Die Ausstellung umfasste ein gewaltiges
kulturhistorisches Panorama von 7000 Jahren Zivilisationsgeschichte und
zeichnete anhand ausgewählter archäologischer Funde die wichtigsten
Entwicklungsphasen dieses uralten Kulturraums nach. Die ältesten Objekte -
zwei Tonfigurinen aus dem 7. und 6. vorchristlichen Jahrtausend -
markieren einen entscheidenden Wendepunkt der Menschheitsgeschichte: die
sogenannte "neolithische Revolution", in deren Verlauf die steinzeitlichen
Jäger und Sammler in weiten Gebieten des Nahen Ostens sesshaft wurden, um
Viehzucht und Ackerbau zu betreiben. Die darauffolgenden technologischen
Neuerungen und zivilisatorischen Leistungen der Bronze- und Eisenzeit wurden in
der Ausstellung in repräsentativ zusammengestellten Objektgruppen wie den
Chloritgefäßen aus
Shahdad, den Keramiken aus Marlik
Tepe, den berühmten
Bronzen aus
Luristan, den Edelmetall- und Elfenbeinfunden aus Ziwiye und
Hasanlu sichtbar.
In der Antike entwickelte sich das Perserreich zu
einem Vielvölkerstaat von bis dahin nicht gekannten Ausmaßen. Bereits
Kyros dem Großen gelang es, die überkommenen Ordnungsstrukturen des
gesamten Vorderen Orients neu zu gestalten und die Achaimenidendynastie
(558-330 v. Chr.) zum mächtigsten Fürstengeschlecht seiner Zeit zu machen.

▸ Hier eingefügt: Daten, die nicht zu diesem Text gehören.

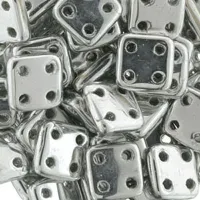 Silver Colour 6mm Quadratile - 9gm Approx Silver Colour 6mm Quadratile - 9gm Approx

In ihren monumentalen Hauptstädten
Persepolis, Susa und Parsagadae
versammelten die persischen Großkönige sagenhafte Reichtümer - in der
Ausstellung waren es vor allem die prunkvollen Silber- und Goldgefäße, die
diese höfische Repräsentationskunst beispielhaft demonstrierten.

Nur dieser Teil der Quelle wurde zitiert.